Weights control which inputs the neuron pays attention to. A high weight on x₁ means “x₁ matters a lot.” A negative weight means “when x₁ is high, fire less.”

Bias shifts the whole activation up or down — it lets the neuron fire even when all inputs are zero, or stay quiet even when they’re strong.

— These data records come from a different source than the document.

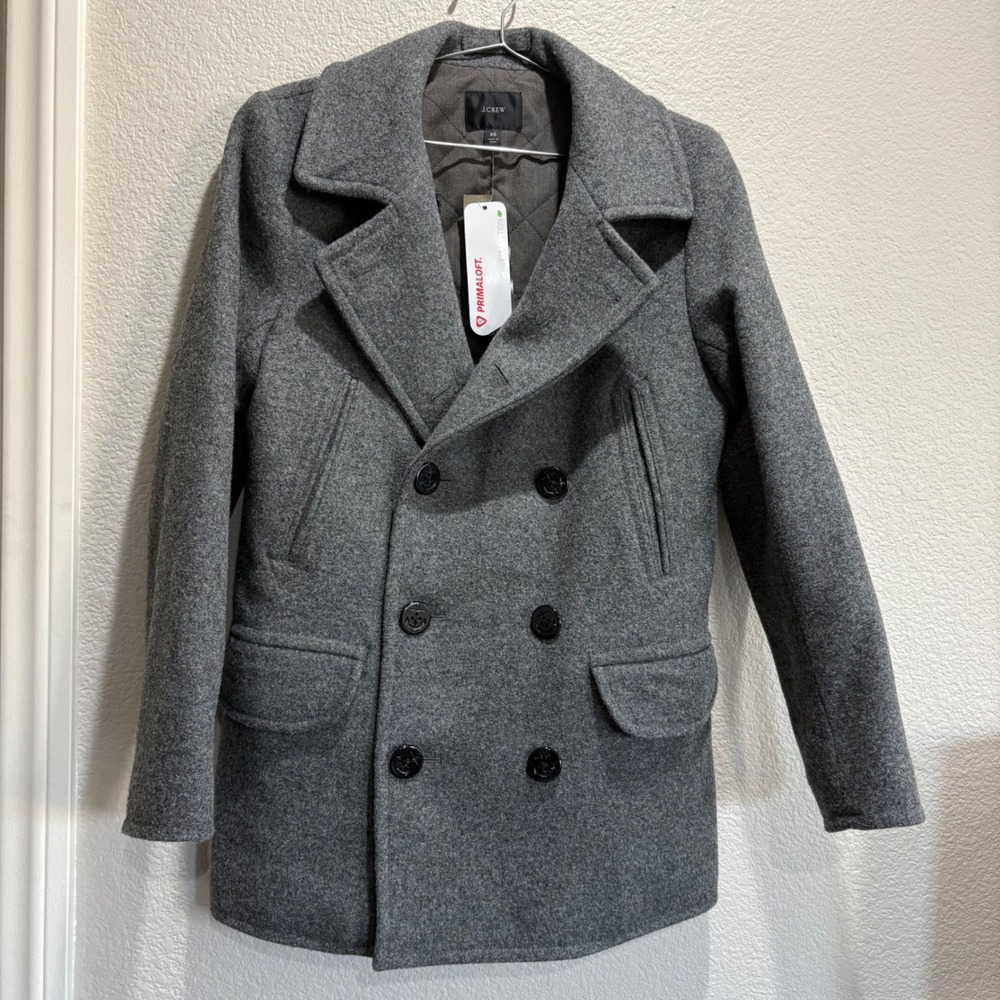 J.Crew Women's  Dock Peacoat Primaloft Wool Blend Grey H0485 Size XS NWT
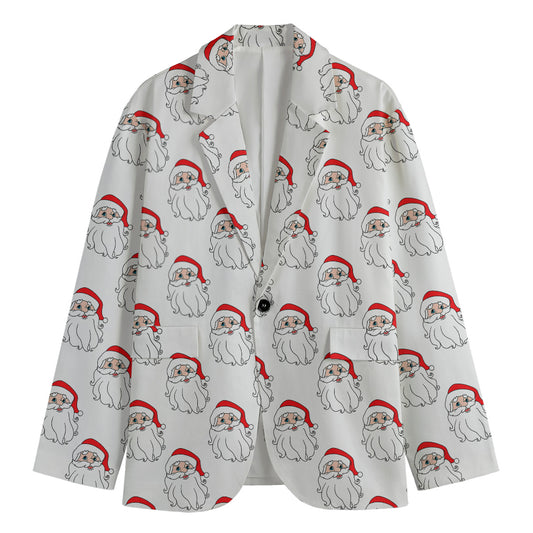 Christmas Santa Claus Pattern Print Men's Cotton Blazer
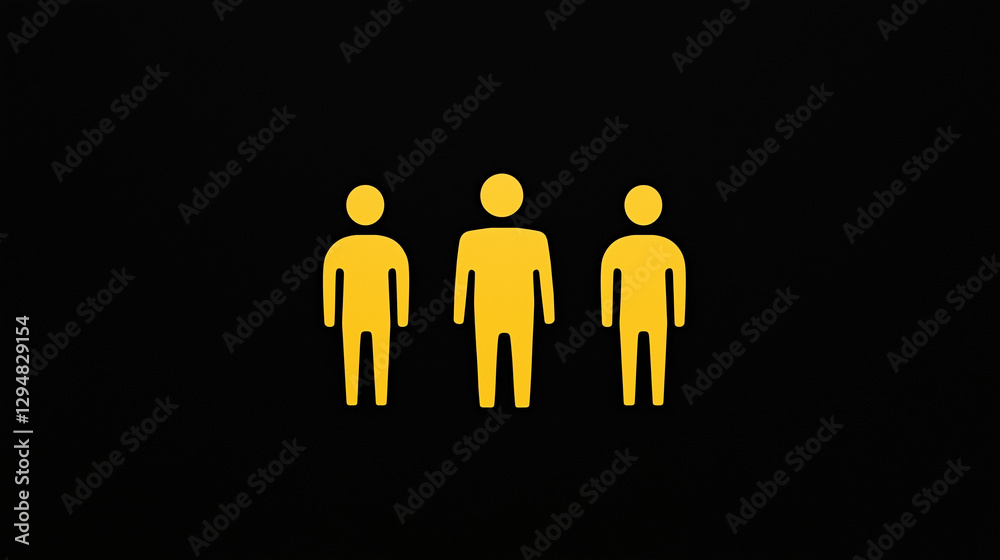 Silhouette Trio: A simple yet impactful graphic featuring three yellow human silhouettes against a stark background, embodying concepts of unity and collective identity. Silhouette Trio: A simple yet impactful graphic featuring three yellow human silhouettes against a stark background, embodying concepts of unity and collective identity.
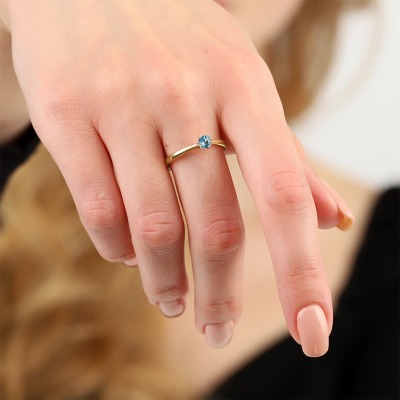 Pierścionek zaręczynowy Vicenza żółte złoto 585 z topazem... 2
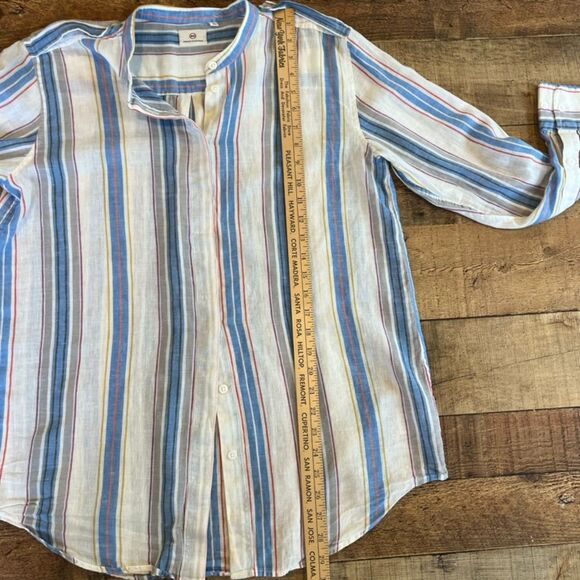 AG Adriano Goldschmeid Linen Cotton Button Front Shirt Band Collar Medium - Picture 5 of 9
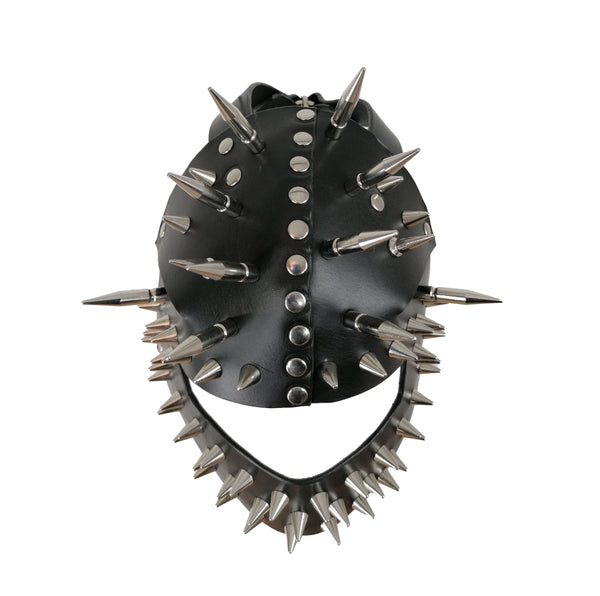 'ŠIME' black leather mask with spikes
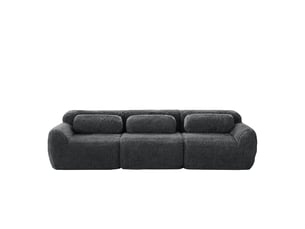Canapé modulable 3 places gris anthracite, tissu peluche premium, design contemporain, structure stable et confortable pour salon moderne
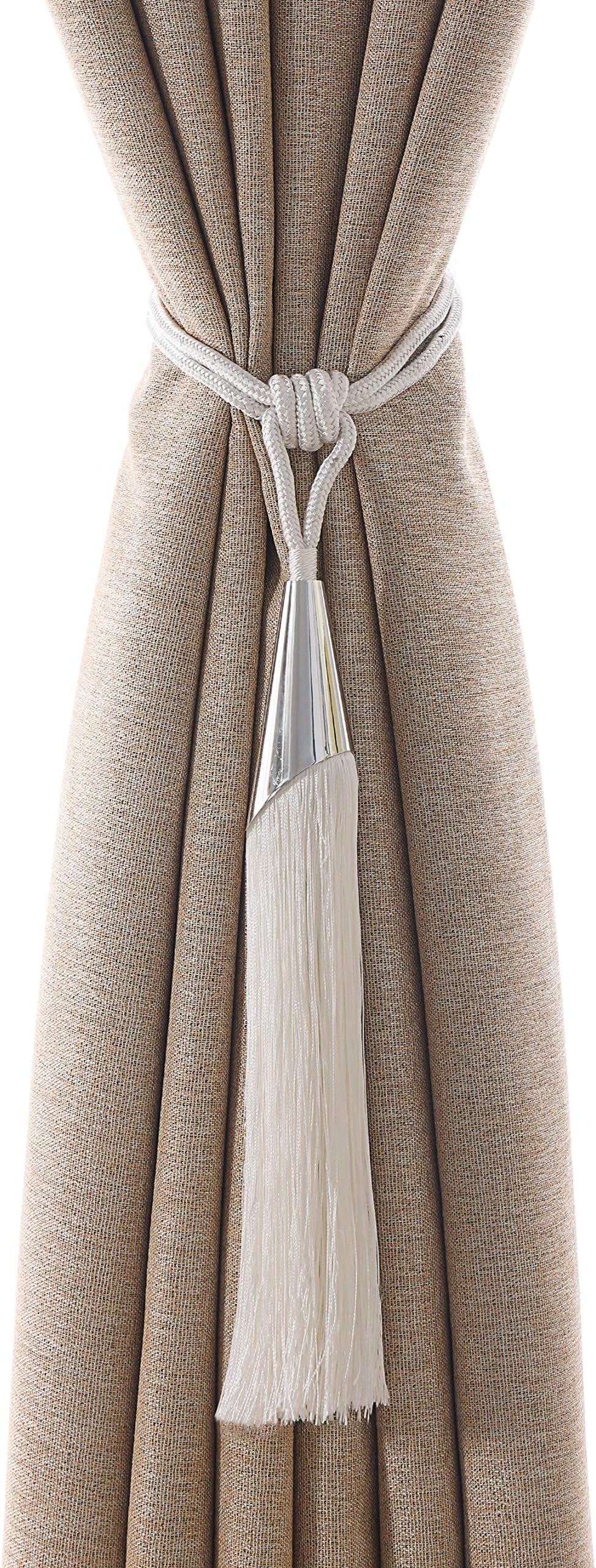 LANEHUA HOME 1 Pair Curtain tie Back Tassel Curtain Rope Tiebacks for Home Decoration,Creamy-White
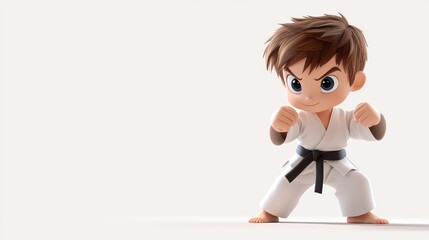 Close-up of a cartoon character of a boy wearing a martial arts uniform and a black belt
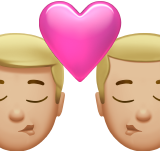 Kiss: Man, Man, Medium-Light Skin Tone on Apple iOS 14.5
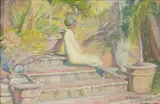 Minnie Rachel Lazarus, Woman sitting on steps, oil on canvas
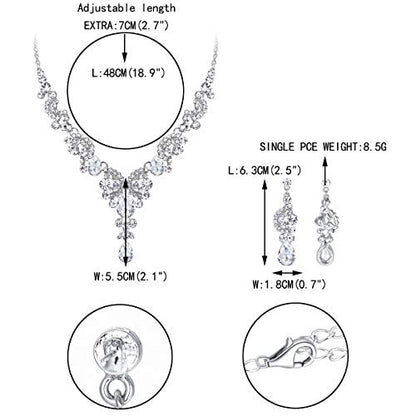 EVER FAITH Rhinestone Crystal Bridal Floral Wave Teardrop Necklace Earrings Set - color: 2pcs_Clear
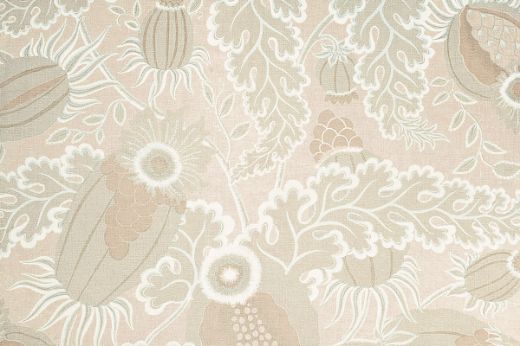 Christopher Farr Cloth Carnival Indoor Print Natural. A detailed botanical illustration featuring large stylised flowers in shades of neutral, with intricate leaves and stems on a light background. 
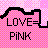 Pixelated icon with pink checkered background, black outline of a heart shape, and text reading LOVE=PINK in blocky font.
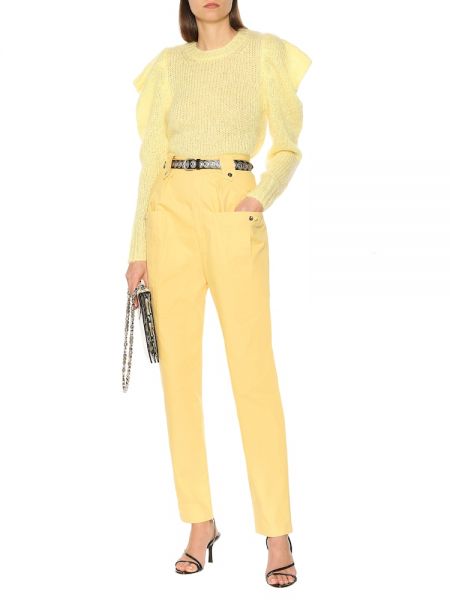 Proste spodnie z wysoką talią bawełniane Isabel Marant żółte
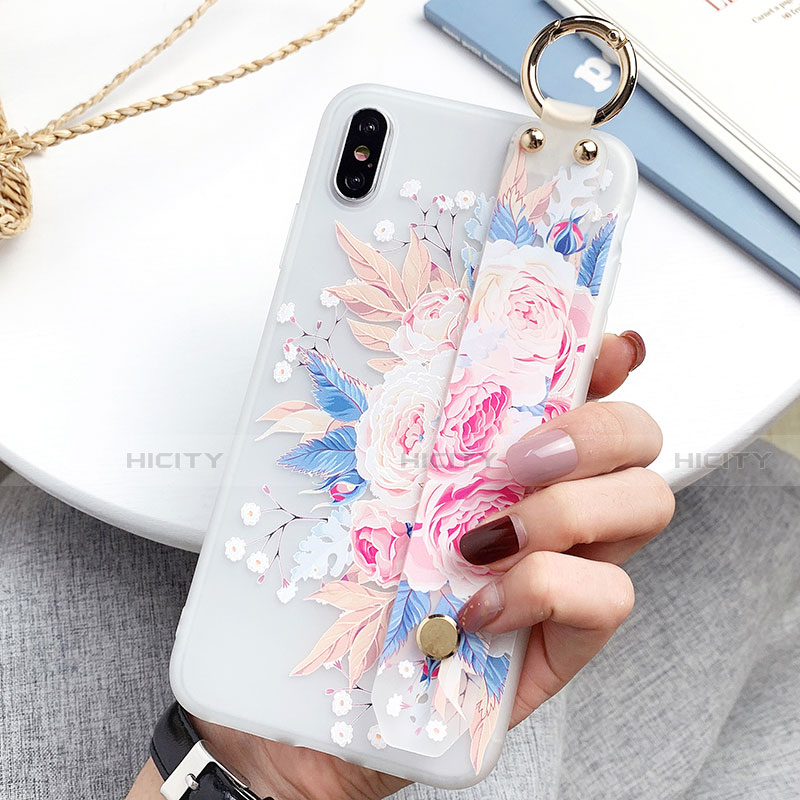 Handyhülle Silikon Hülle Gummi Schutzhülle Blumen S02 für Apple iPhone Xs Max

Activation function introduces non-linearity. Without it, stacking layers would just be multiplying matrices — no matter how many layers you added, the whole network would still only compute a linear function. Non-linearity is what lets deep networks learn curves, spirals, and complex decision boundaries.


Layers

One neuron can’t learn much. But connect thousands of them in layers and something remarkable happens: each layer learns increasingly abstract representations.

flowchart LR
subgraph Input
i1(( )) & i2(( )) & i3(( ))
end
subgraph Hidden1["Hidden Layer 1"]
h1(( )) & h2(( )) & h3(( )) & h4(( ))
end
subgraph Hidden2["Hidden Layer 2"]
h5(( )) & h6(( )) & h7(( ))
end
subgraph Output
o1(( )) & o2(( ))
end
Input --> Hidden1 --> Hidden2 --> Output

In an image classifier:

  • Layer 1 learns to detect edges and colours
  • Layer 2 combines edges into shapes and textures
  • Layer 3 combines shapes into object parts
  • Final layer combines parts into “cat” vs. “dog”

In a language model:

  • Early layers learn grammar and word relationships
  • Middle layers learn syntax and phrase structure
  • Late layers learn semantics, reasoning, world knowledge

This hierarchy is why depth matters — shallow networks struggle to represent complex concepts because they can’t build up abstractions step by step.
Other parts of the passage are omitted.